>>>>

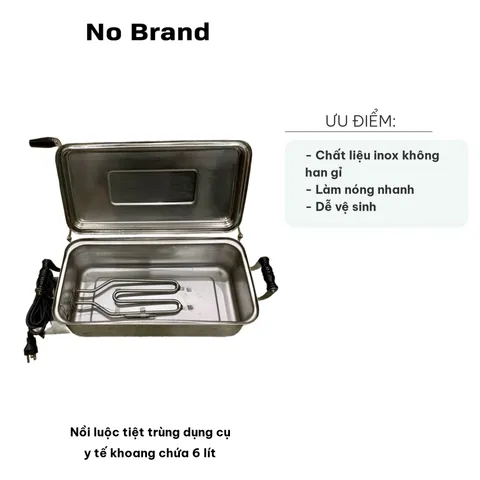 Nồi Luộc Tiệt Trùng Dụng Cụ Y Tế Inox 6 Lít - Chịu Nhiệt Tối Đa 126°C, Dễ Vệ Sinh, Tiện Dụng Cho Phòng Khám
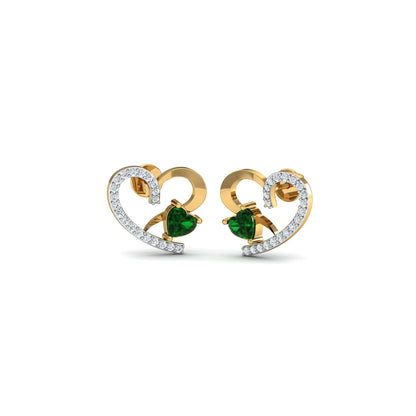 Emerald Heart Pendant & Earring Set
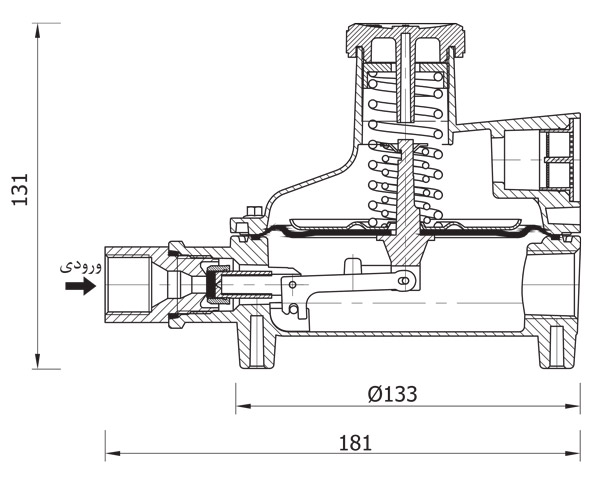 ابعاد و اندازه رگلاتور گاز مایع ستاک مدل SET291 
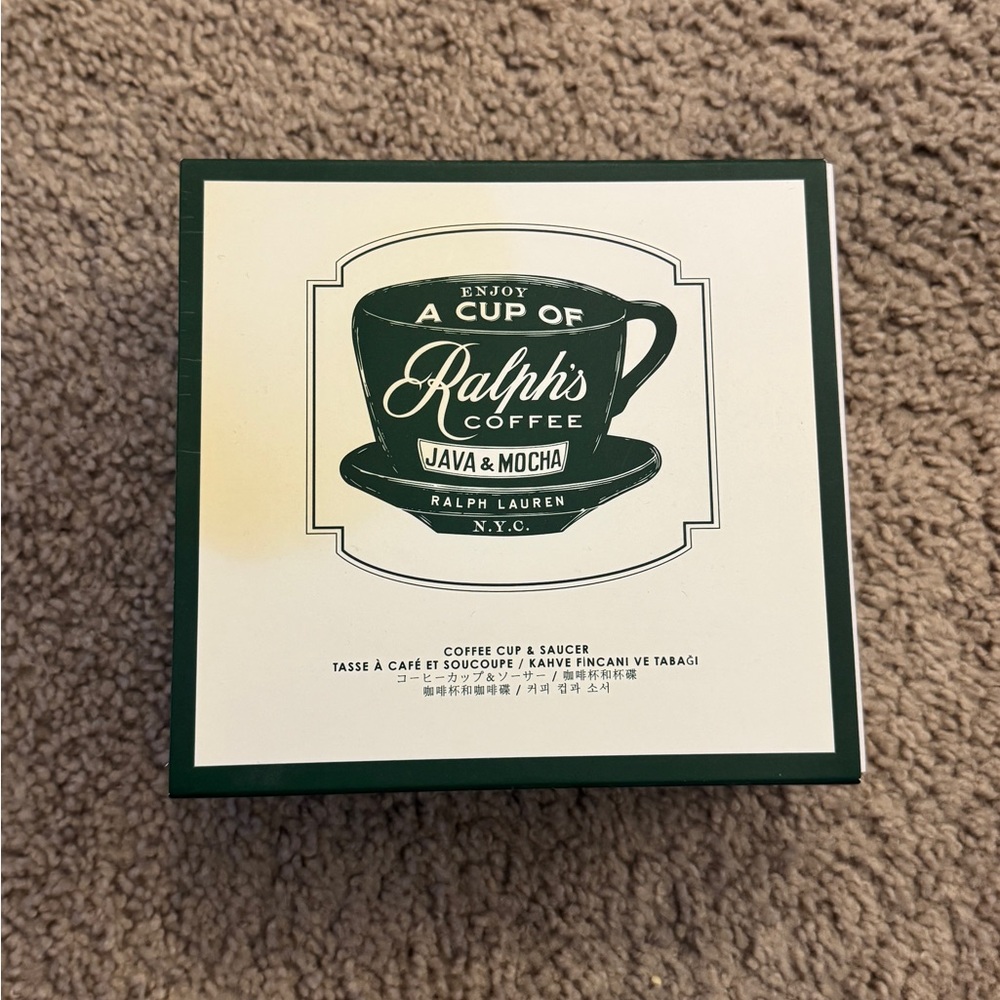Ralph Lauren Green Coffee Cup & Saucer Set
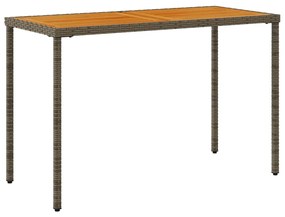 Mesa de jardim com tampo em acácia 115x54x74 cm vime PE cinza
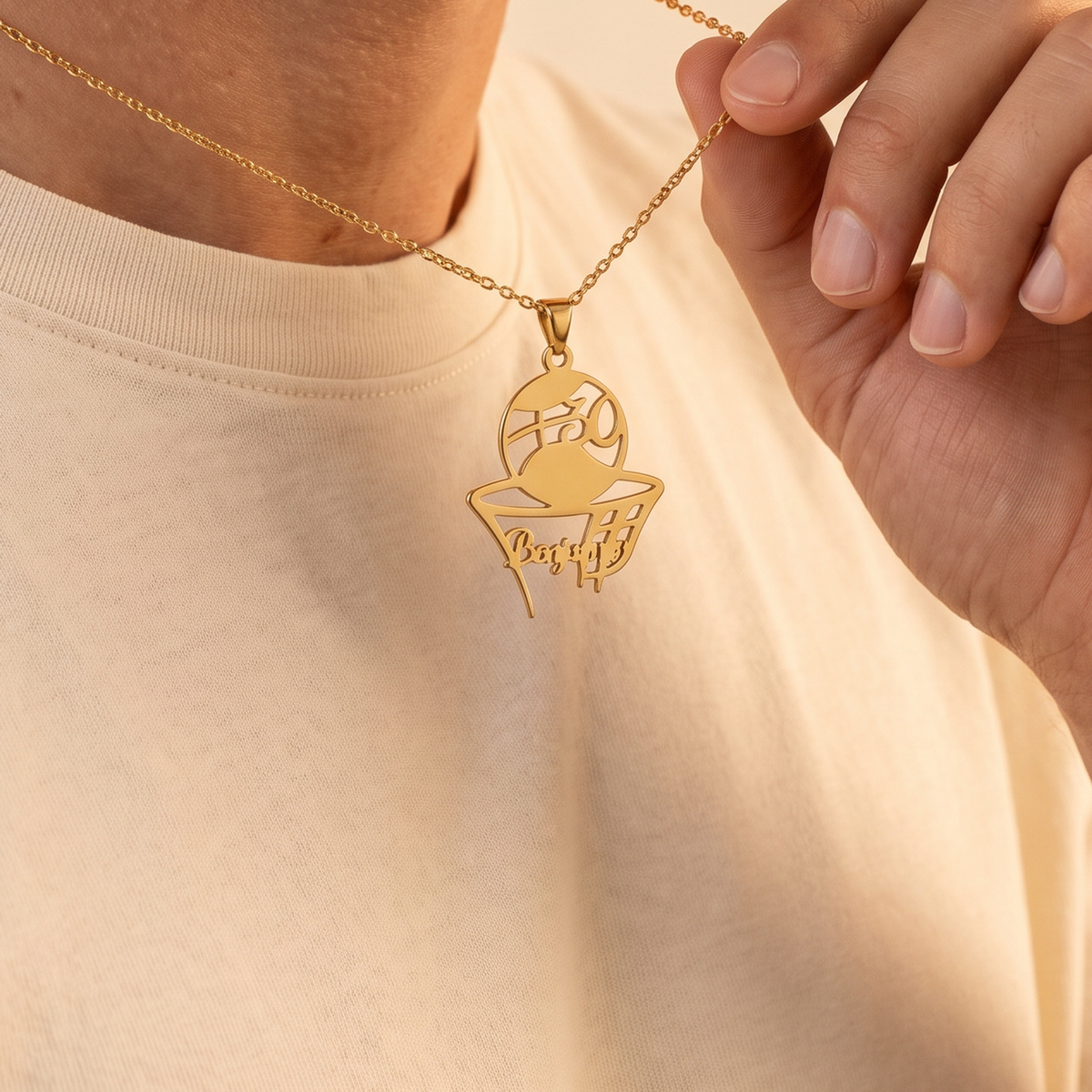 Personalized Name and Number Basketball Necklace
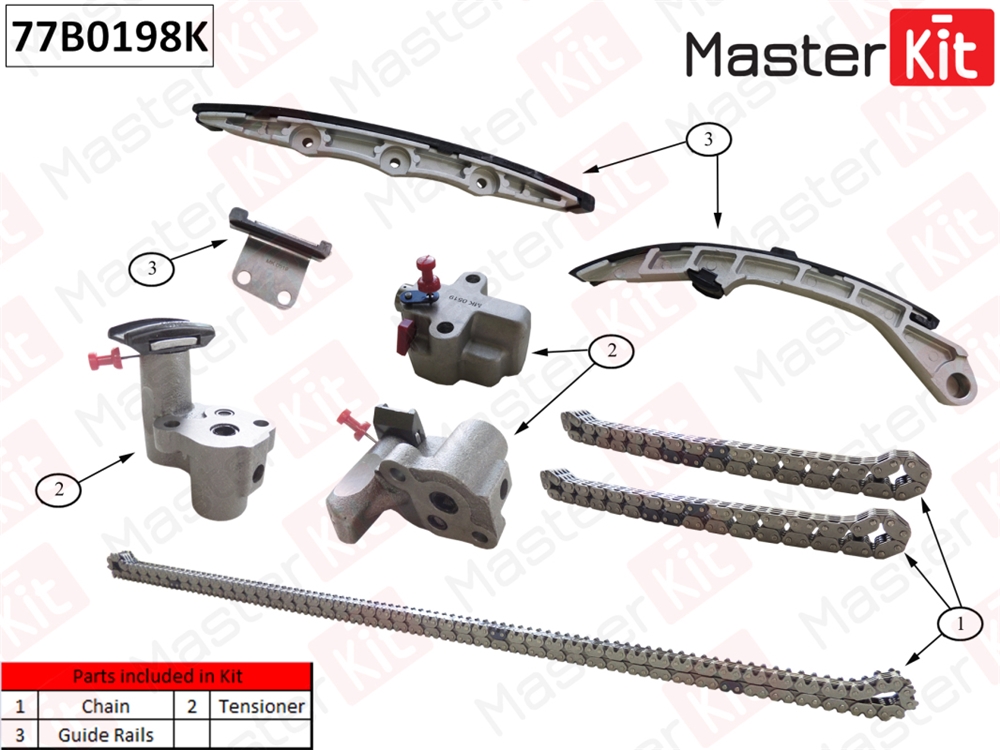 MASTERKIT 77B0198K Комплект цепи ГРМ Nissan/Infiniti Murano/FX 3.5i VQ35DE 2004-2009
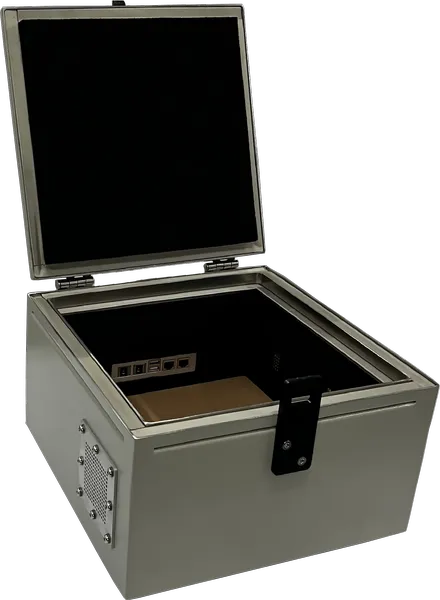LBX0700 MANUAL TOP OPENING RF SHIELD BOX - LabiFix RF Shield Box, rear view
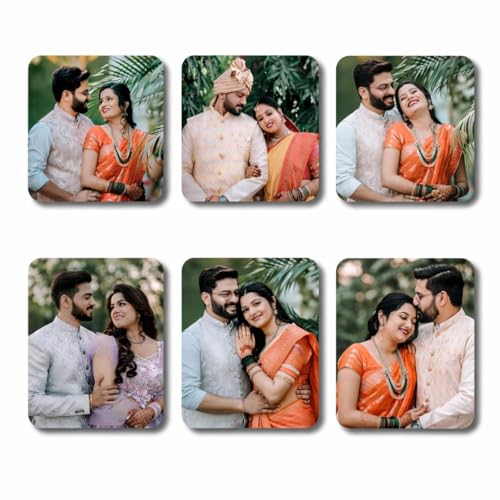 Personalized Photo Fridge Magnet Set of 6 | Custom MDF Glass Fini...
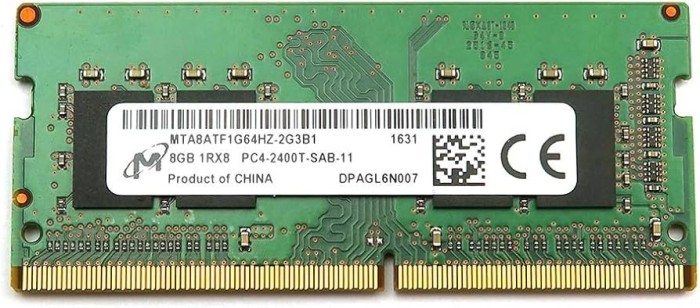 Memorie notebook DDR4 8GB 2400MHz CL17 SODIMM 2400T PC4 SODIMM - MTA8ATF1G64HZ-2G3B1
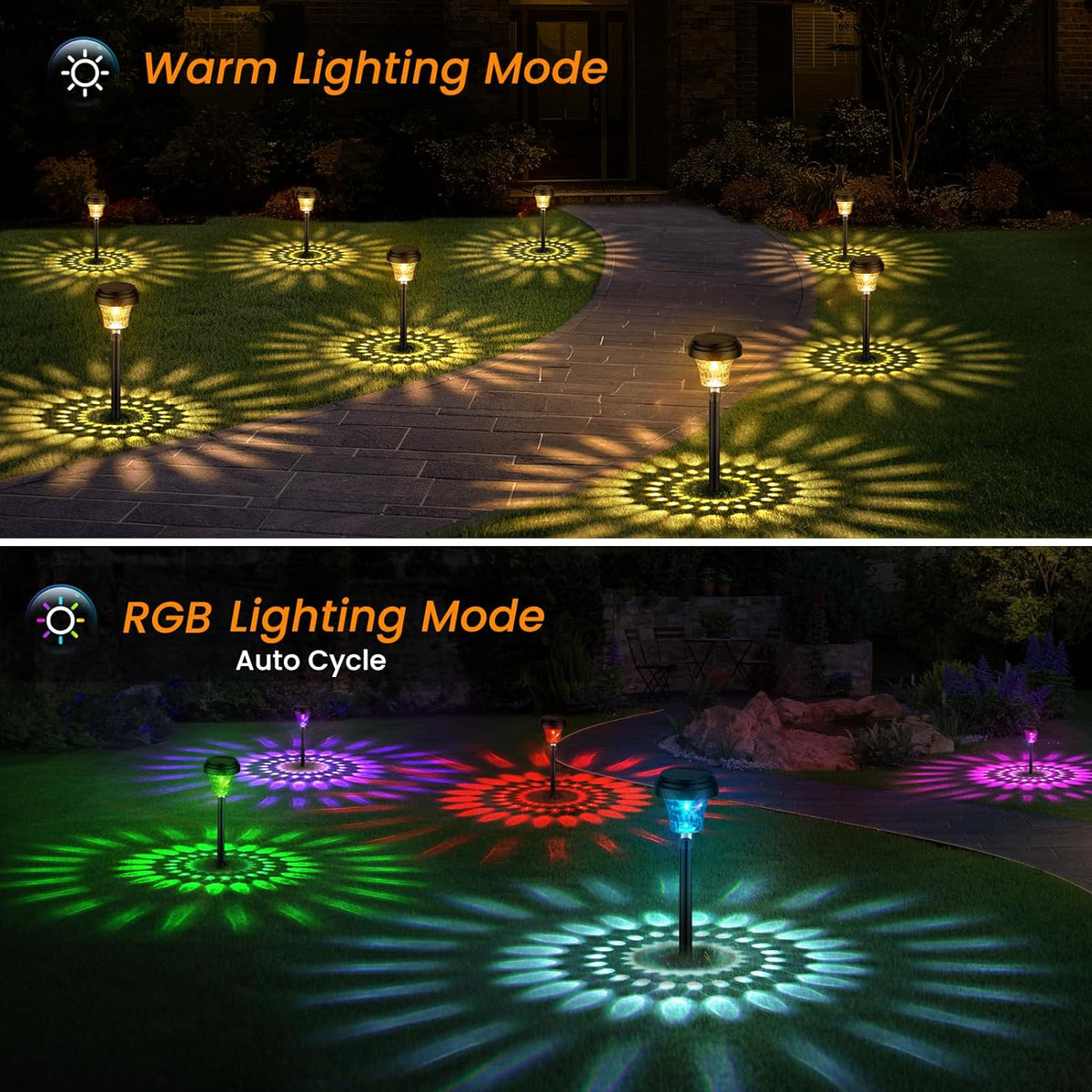 Solar Lights Outdoor Garden Stake,8 Pcs Solar Path Lights Garden Ornaments Outdoor,Garden Lights Solar Powered Waterproof with Warm White & RGB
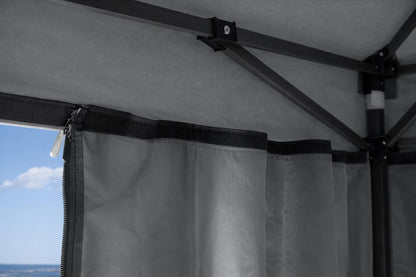 QUICK STAR Faltpavillon 2 x 3 m mit 4 Seitenwänden, Smoky Grau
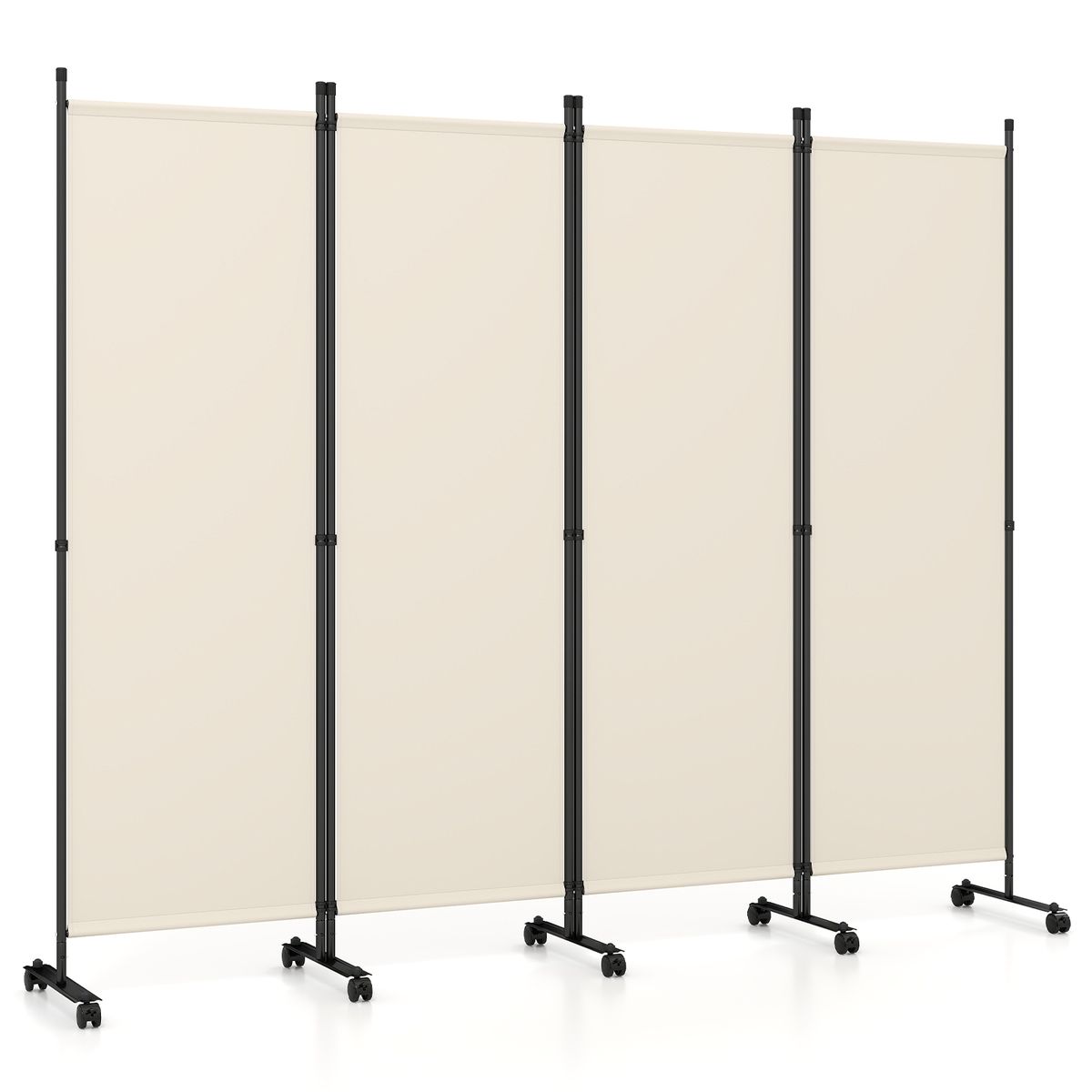 Coast 4-delige ruimteverdeler op wieltjes - opvouwbaar - inkijkbescherming - beige - 1 stuks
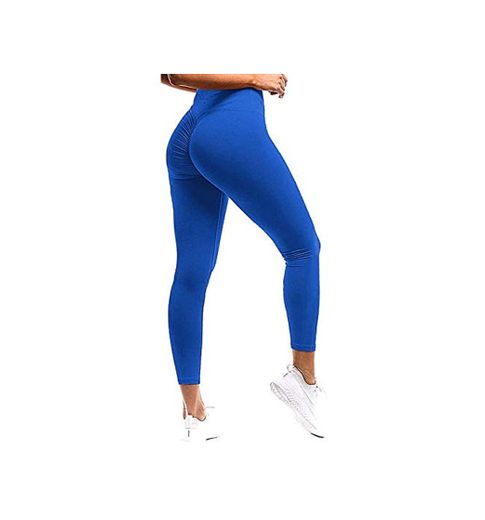 FITTOO Mallas Pantalones Deportivos Leggings Mujer Yoga de Alta Cintura Elásticos y Transpirables para Yoga Running Fitness con Gran Elásticos Azul XL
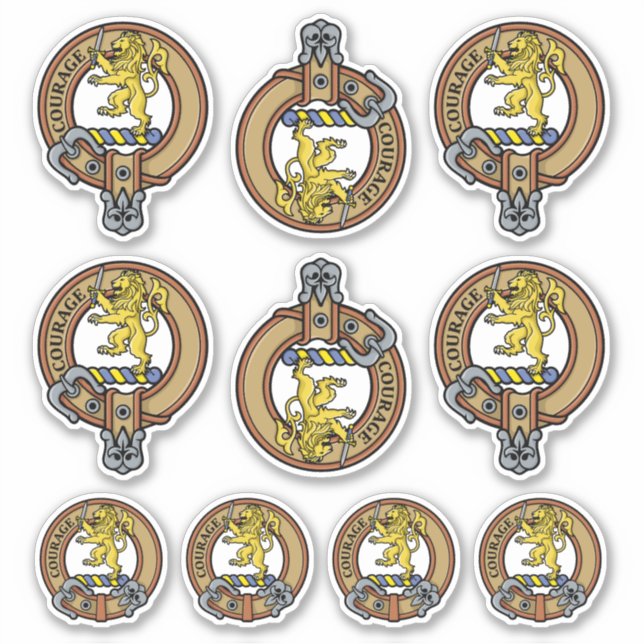 Clan Cumming Wappen Sticker Set (Vorderseite)
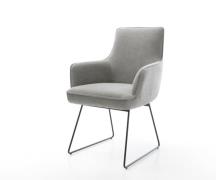 Esszimmerstuhl Heira-Flex mit Armlehnen Strukturstoff Soft Grau Kufeng...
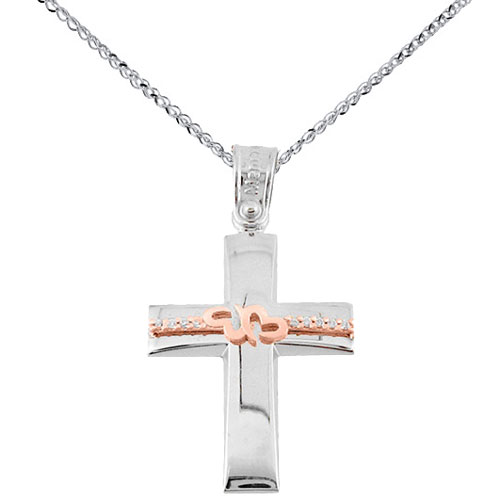 Λευκόχρυσος βαπτιστικός σταυρός Κ14 με αλυσίδα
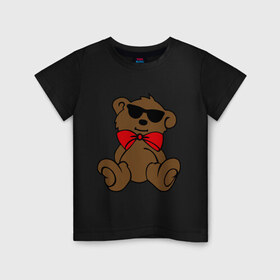 Детская футболка хлопок с принтом Плюшевый мишка в очках в Екатеринбурге, 100% хлопок | круглый вырез горловины, полуприлегающий силуэт, длина до линии бедер | teddy bear | бант | девушкам | мишка | плюшевый мишка в очках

<<<<

EXERCISE DETAILS:
Make an exact copy of the whole listing, but don't bring over any pictures.

WRITTEN ANSWER:
 Nồi Luộc Tiệt Trùng Dụng Cụ Y Tế Inox 6 Lít - Chịu Nhiệt Tối Đa 126°C, Dễ Vệ Sinh, Tiện Dụng Cho Phòng Khám
 Emerald Heart Pendant & Earring Set
 ابعاد و اندازه رگلاتور گاز مایع ستاک مدل SET291 
Ralph Lauren Green Coffee Cup & Saucer Set
 Mesa de jardim com tampo em acácia 115x54x74 cm vime PE cinza
 Personalized Name and Number Basketball Necklace
 MASTERKIT 77B0198K Комплект цепи ГРМ Nissan/Infiniti Murano/FX 3.5i VQ35DE 2004-2009
LBX0700 MANUAL TOP OPENING RF SHIELD BOX - LabiFix RF Shield Box, rear view
 Personalized Photo Fridge Magnet Set of 6 | Custom MDF Glass Fini...
 Memorie notebook DDR4 8GB 2400MHz CL17 SODIMM 2400T PC4 SODIMM - MTA8ATF1G64HZ-2G3B1
 Solar Lights Outdoor Garden Stake,8 Pcs Solar Path Lights Garden Ornaments Outdoor,Garden Lights Solar Powered Waterproof with Warm White & RGB
 QUICK STAR Faltpavillon 2 x 3 m mit 4 Seitenwänden, Smoky Grau
 Coast 4-delige ruimteverdeler op wieltjes - opvouwbaar - inkijkbescherming - beige - 1 stuks
 FITTOO Mallas Pantalones Deportivos Leggings Mujer Yoga de Alta Cintura Elásticos y Transpirables para Yoga Running Fitness con Gran Elásticos Azul XL
 Clan Cumming Wappen Sticker Set (Vorderseite)
 Esszimmerstuhl Heira-Flex mit Armlehnen Strukturstoff Soft Grau Kufeng...
 Λευκόχρυσος βαπτιστικός σταυρός Κ14 με αλυσίδα
 Детская футболка хлопок с принтом Плюшевый мишка в очках в Екатеринбурге, 100% хлопок | круглый вырез горловины, полуприлегающий силуэт, длина до линии бедер | teddy bear | бант | девушкам | мишка | плюшевый мишка в очках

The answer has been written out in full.